Retailers who do hire teens, like Jill Foucre of Marcel’s Culinary Experience in Glen Ellyn, Ill., say the younger employees get “overwhelmed by school commitments,” once summer break ends. “The only teenagers I have on my team are the dishwashers in my kitchen for our cooking classes,” Foucre says. “And it is a perpetual revolving door.”

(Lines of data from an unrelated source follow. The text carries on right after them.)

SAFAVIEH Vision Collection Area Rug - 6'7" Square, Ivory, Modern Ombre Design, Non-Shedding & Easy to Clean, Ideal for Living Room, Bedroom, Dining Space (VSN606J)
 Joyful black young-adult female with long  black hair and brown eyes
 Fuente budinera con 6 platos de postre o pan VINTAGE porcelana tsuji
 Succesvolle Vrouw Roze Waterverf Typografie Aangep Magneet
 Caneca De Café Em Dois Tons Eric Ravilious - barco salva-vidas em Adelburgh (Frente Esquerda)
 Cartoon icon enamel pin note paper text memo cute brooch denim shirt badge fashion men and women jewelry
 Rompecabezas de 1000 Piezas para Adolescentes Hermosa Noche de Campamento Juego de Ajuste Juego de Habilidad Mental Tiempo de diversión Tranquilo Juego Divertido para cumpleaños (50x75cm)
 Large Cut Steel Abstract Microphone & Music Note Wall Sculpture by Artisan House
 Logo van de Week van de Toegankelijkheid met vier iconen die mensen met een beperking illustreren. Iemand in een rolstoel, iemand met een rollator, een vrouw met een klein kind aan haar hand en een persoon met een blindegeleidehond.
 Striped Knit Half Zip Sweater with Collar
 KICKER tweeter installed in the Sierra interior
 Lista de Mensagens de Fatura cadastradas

Even though there are more working-age teens today than in 2000, the Pew report notes, “far fewer of them are in the labor force.” Retailers like Foucre have noticed that too. “There are definitely not as many kids as I would think who want jobs and even the ones that say they do then get overwhelmed with school commitments,” she says.
“Trying to fit in a part-time job is very hard for a teen. And we believe their education should be their first priority,” says Martha Nading, owner of The Extra Ingredient in Greensboro, N.C., as to why she opts out of hiring teen-age help. “We’ve always hired college students, we find they are more available and eager for the extra money.”
KC Lapiana of Pittsburgh’s In The Kitchen seeks stability when she hires. “We do not employ teens. We feel our store requires long-term employees for our customers’ enjoyment,” she says adding customer service is paramount. “We also feel that the level of training we provide would not benefit our company in the long run with temporary help.”
“There isn’t enough work to do in my store that doesn’t require a decent amount of training,” says Ben Salmon of Kitchen a la Mode in South Orange, N.J., who says he doesn’t even hire seasonal help. “We don’t have a large team, so it does not make sense for me to hire someone who can’t be in the store alone, whether to cover a break or close.”
But for some retailers, teen help is a good fit. Anne Dowell says she always has a “kid or two” working for her at Apron Strings in Hutchinson, Kan. “I find they will do the menial work without complaining because they like money.” She’ll even give out raises “if they stick around and are good.”
Dowell doesn’t run into many issues: “I have only let one go and she understood why.” Teens working at Apron Strings typically do dishes after cooking classes, dust, restock, unpack inventory and run the price gun, Dowell says.
“Currently I have two neighbor girls that I have known for years working for me. I hope to have both of these girls until they leave for college.” Dowell says she works with the teens she hires by being accommodating to their schedules. “The jobs I have them doing are not related to a specific time of day,” she says. “It works for me.”
And what works for Dave and Mary Weldy, co-owners of the Culinary Apple in Chelan, Wash., is a relationship with their local high school. Think retail staffing farm team.
“We have hired teenagers since 1996,” says Dave. The Weldys have employed Celeste Verduzco for the past three years. Verduzco says her connection to the store came via a Hospitality and Tourism class she took during her sophomore year.
“I did an internship for six weeks before I began working,” she says adding that she started at minimum wage and then began getting raises. Verduzco says she is now training her replacement.
“Working with Dave and Mary has been an incredible experience,” she says. “I have learned about the importance of taking initiative and being responsible. Also, I have gained so much knowledge regarding the different products that we sell at the Culinary Apple.”
But what she is really taking home from the experience is management’s focus on team work. “The way they value their employees and emphasize the importance of working together to success has influenced how long I have been a part of their team,” Verduzco says.
Fortunately, not all teens treat employment like a revolving door.
“From the start they have treated me as family and have impacted the person I am today,” says Verduzco. “I am 20-years-old, currently attending junior college and I am still working at the Culinary Apple.”